We’ve all had it, security guards, safety people, bouncers, council staff, hotel staff even the HMRC. In train stations, airports, paying bills and attempting to buy stuff. At Disney World over summer I was constantly told to “Keep behind the Yellow Line” – I brought a whole tram-bus thing to a standstill when my foot was on the yellow line, note not beyond it, just on it and just one foot!
Sure you can complain, but where would sound logic and reason get you? Nowhere. You are also in the right, you know it, your friends know it – even strangers watching you lose your temper through frustration know it!
However an eloquently worded letter or tweet will only get you a response along the lines of: “we work to ensure great customer satisfaction and we are sorry to hear about this incident, these incidents are rare and your feedback will be used to improve our training programmes.” Sound familiar? Of course it does, then the following week, the same happens again, and again…
What happens? People like you and me, give up, maybe look for another bank – but they’re all bad. We maybe go off and look for other suppliers at work, they’re all pretty much the same too. However the one thing we do stop doing is complaining.
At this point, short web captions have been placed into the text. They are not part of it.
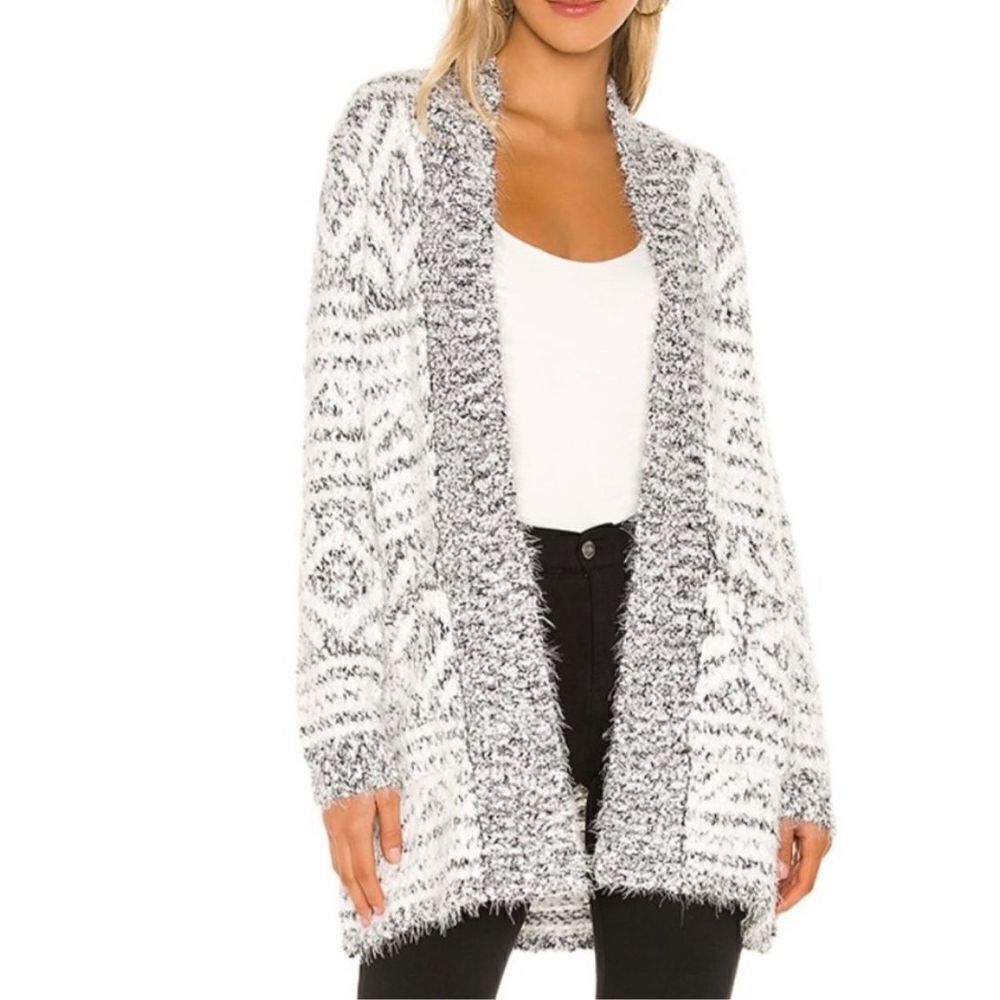 BB DAKOTA A STAR IS WARM EYELASH CARDIGAN Size Small New
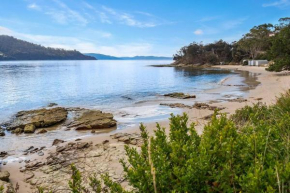 Peaceful Bruny Island Shack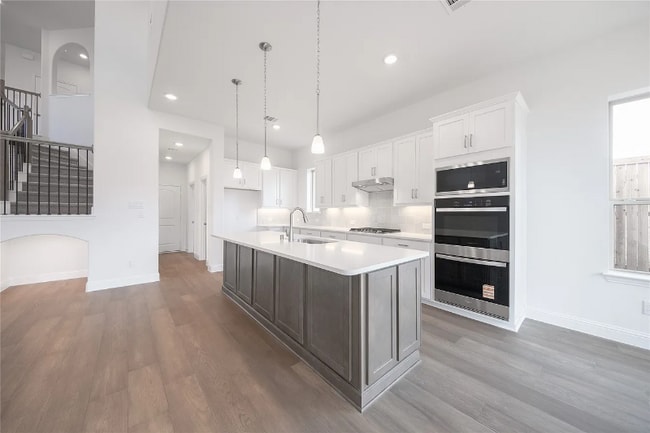 Photo - 2420 Bernham Dr House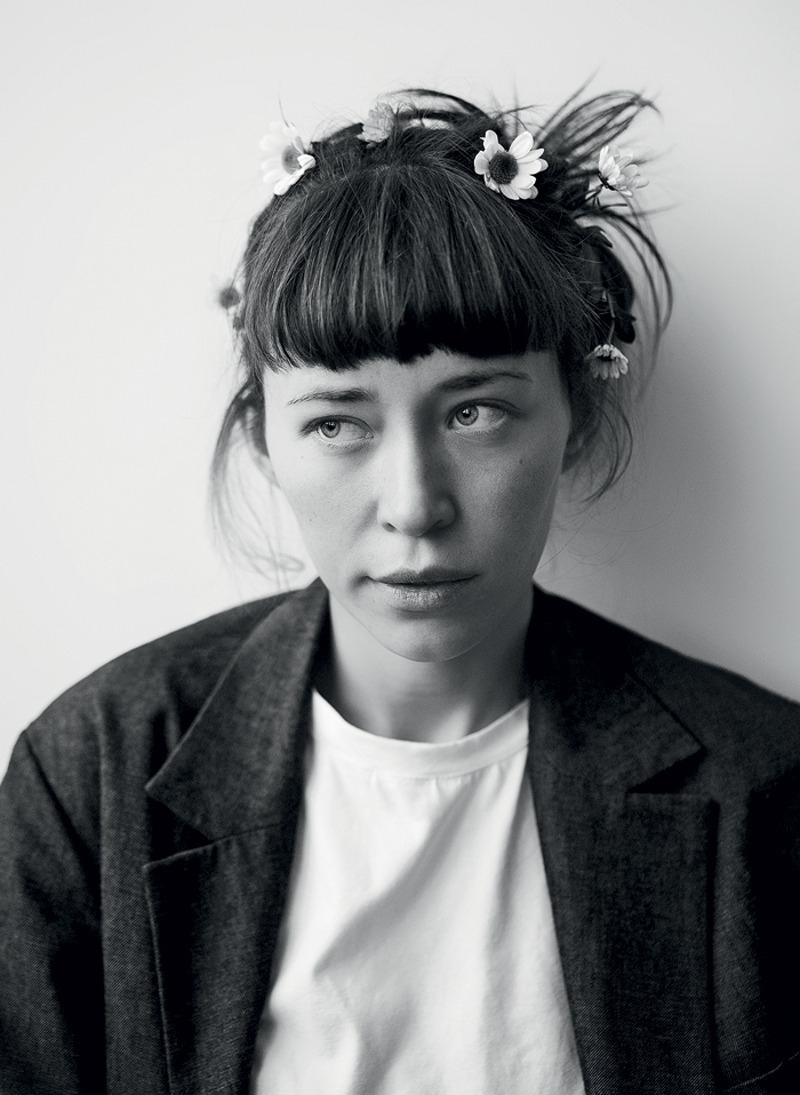 "С резюме на французском и моей черно-белой фотосессией я пришла в самое культовое модельное агентство Парижа и заявила, что хочу с ними работать"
The world is of course messed up and I’ve noticed that there is even more of a mess in the dark times of the credit crunch induced recession. There are very few companies that seem to actually want to do a good job.
If you’ve ever had the pleasure of complaining about a late train or some transport or public service type frustration, you’ll likely find that the person answering your complaint is actually outsourced. There are third party companies who are in business to answer complaints. So let’s face it, if you’re in business to answer complaints, it’s not really in your interest that those complaints get resolved, root causes are found and the issues are fixed.
The world becomes more messed up when you deal with someone who just repeats the same company blurb over and over again, without even wondering if it’s rubbish. In Manchester our Metrolink public transport system has expanded – however the contingency process hasn’t! So when the trams fail, your ticket isn’t valid on a bus that covers you to the destination you’ve actually paid for – just part of it! However, there are still lots of people shouting out which busses to use – none of them take you to the end of the line where you were trying to get to!
When you think about it, companies must also go out of their way to employ people who will repeat what they want them to – not analyse it to see if its right, query it or kick it back up the chain. In my opinion it must actually be more difficult to recruit people like this. I frequently think of a sketch on Futurama – “You’re not paid to think, a mindless worker is a happy worker.” Certainly to find workers that will accept constant abuse for being a jobsworth, who have no ambition or initiative must be quite a skill.
A couple of weeks ago we tried to get a quote from a supplier and was told we couldn’t get a quote due to the fact that our account had been closed. It could only be reopened if we promised to spend 50k with them. I later found out that I’d asked for a quote several months earlier for this amount and never got a response so went elsewhere! I also asked them to detail why they had a 50k threshold on a cash with order account, which enabled us to keep the door open to ask for pricing and cost essentially, nothing. Needless to say, I wasn’t impressed with the answer! Oh, and an ERP upgrade was eventually blamed.
Last week I found that our new TNT postman had not bothered to go to all the houses near me and shoved them in my letterbox. I tweeted a legitimate question – can you put these back into a Royal Mail box – I don’t know the answer, I still don’t know the answer and was told that they were sorry to hear it but if I take further time out to call their customer service centre on a premium rate number then they’d look into it. Well, I realised I wasn’t actually their customer and thought I’d let the Royal Mail cross-charge them (they better had, for the shareholders sakes!).
I don’t know why I attract incidents of this – it could be that I have somehow got tuned into it through setting up business processes with technology like CRM’s and ERP’s, then going for ISO certifications. I may be a business process nerd.
However, I just really can’t see what the difficulty is in giving a great customer experience and really asking simple questions to see whether you are or not. You can hide behind technology, whether you’ve got it, not got it or just not using it and a lot of people do these days. If you can enable a complaint process to be outsourced, implement ERP’s to annoy your customers and embody with them with processes that prevents potential customers even getting quotes it just seems so pointless.
If technology hasn’t done this that or the other for you and you’re using it as an excuse – I’m sorry even as a technologist, I would have to advise you to throw it out, get a paper and a pen and start writing. Start from starch, get out there and speak to your customers – they’ll ultimately tell you exactly what you need to do!